■ **WHAT TO DO**: Reproduce exactly, and only, the lines running from the start of the entries below to the line containing "2 x Katzen Toilette".

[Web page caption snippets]
※ ※ ※

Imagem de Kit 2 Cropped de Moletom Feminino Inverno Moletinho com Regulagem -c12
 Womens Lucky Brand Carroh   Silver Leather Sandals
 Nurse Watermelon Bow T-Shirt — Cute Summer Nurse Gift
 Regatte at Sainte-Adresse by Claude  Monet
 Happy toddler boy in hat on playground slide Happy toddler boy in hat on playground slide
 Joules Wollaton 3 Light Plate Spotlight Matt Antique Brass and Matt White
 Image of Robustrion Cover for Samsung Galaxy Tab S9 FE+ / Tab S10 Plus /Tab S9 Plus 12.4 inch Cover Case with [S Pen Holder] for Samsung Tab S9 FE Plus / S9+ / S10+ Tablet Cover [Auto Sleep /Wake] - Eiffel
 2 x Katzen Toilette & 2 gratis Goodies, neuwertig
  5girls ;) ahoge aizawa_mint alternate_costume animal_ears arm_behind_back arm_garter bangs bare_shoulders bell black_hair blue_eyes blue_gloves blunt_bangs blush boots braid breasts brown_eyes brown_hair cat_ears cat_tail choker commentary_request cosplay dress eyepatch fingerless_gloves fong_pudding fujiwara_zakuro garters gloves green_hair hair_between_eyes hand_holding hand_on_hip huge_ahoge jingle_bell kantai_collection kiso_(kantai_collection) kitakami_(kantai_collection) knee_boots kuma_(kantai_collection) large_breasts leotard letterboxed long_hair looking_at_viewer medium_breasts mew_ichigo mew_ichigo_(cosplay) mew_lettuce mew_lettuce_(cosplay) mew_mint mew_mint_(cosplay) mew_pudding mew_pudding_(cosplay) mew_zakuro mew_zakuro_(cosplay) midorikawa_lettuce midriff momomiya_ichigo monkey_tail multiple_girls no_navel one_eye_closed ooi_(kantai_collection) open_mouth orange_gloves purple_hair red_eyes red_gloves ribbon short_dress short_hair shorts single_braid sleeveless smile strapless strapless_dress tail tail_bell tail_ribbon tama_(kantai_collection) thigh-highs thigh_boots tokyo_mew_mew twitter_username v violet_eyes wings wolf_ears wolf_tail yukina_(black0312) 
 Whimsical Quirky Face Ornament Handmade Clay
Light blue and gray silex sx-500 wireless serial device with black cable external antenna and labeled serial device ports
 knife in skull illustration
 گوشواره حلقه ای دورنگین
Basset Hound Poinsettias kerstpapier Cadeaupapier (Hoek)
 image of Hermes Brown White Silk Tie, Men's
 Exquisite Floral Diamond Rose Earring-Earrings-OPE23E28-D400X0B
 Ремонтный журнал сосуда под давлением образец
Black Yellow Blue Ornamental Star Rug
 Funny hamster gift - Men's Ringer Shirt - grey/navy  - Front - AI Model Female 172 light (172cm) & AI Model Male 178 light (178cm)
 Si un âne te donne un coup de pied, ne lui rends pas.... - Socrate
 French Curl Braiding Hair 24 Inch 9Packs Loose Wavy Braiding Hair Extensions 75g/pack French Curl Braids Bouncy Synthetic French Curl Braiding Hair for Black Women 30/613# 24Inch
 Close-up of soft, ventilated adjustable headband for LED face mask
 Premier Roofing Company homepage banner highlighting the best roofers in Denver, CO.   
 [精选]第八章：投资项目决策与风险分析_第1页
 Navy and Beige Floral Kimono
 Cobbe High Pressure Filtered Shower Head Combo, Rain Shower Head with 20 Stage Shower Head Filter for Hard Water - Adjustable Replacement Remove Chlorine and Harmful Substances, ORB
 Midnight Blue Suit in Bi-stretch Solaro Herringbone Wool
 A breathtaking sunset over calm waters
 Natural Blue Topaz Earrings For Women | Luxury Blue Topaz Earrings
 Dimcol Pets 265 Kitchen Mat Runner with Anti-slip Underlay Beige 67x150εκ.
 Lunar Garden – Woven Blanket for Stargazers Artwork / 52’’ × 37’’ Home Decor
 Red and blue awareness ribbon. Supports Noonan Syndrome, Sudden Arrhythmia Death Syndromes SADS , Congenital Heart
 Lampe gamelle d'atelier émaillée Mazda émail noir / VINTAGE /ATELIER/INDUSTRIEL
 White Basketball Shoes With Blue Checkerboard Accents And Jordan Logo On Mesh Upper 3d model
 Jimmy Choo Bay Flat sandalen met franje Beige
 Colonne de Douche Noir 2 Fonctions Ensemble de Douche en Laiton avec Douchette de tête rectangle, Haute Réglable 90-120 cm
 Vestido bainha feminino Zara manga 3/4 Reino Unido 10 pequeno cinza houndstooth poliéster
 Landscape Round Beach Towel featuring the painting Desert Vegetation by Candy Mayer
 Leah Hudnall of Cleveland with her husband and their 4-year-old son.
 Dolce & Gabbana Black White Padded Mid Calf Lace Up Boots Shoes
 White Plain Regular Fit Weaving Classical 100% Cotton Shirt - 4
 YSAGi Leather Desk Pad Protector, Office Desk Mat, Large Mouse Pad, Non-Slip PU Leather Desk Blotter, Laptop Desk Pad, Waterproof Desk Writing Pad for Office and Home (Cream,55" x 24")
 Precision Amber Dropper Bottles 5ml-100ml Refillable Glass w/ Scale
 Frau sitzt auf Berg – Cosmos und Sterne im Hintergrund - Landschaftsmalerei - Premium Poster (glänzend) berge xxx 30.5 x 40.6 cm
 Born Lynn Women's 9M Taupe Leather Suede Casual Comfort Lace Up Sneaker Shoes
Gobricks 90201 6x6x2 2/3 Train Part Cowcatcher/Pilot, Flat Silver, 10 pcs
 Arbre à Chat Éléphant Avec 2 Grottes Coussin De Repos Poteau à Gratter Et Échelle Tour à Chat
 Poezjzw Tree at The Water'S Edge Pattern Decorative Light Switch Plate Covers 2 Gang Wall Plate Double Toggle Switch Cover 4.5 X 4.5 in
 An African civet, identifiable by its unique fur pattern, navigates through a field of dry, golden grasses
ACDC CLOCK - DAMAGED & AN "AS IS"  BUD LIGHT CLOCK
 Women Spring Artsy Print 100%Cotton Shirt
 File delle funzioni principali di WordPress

※ ※ ※

■ **RESPONSE**:
Imagem de Kit 2 Cropped de Moletom Feminino Inverno Moletinho com Regulagem -c12
 Womens Lucky Brand Carroh   Silver Leather Sandals
 Nurse Watermelon Bow T-Shirt — Cute Summer Nurse Gift
 Regatte at Sainte-Adresse by Claude  Monet
 Happy toddler boy in hat on playground slide Happy toddler boy in hat on playground slide
 Joules Wollaton 3 Light Plate Spotlight Matt Antique Brass and Matt White
 Image of Robustrion Cover for Samsung Galaxy Tab S9 FE+ / Tab S10 Plus /Tab S9 Plus 12.4 inch Cover Case with [S Pen Holder] for Samsung Tab S9 FE Plus / S9+ / S10+ Tablet Cover [Auto Sleep /Wake] - Eiffel
 2 x Katzen Toilette & 2 gratis Goodies, neuwertig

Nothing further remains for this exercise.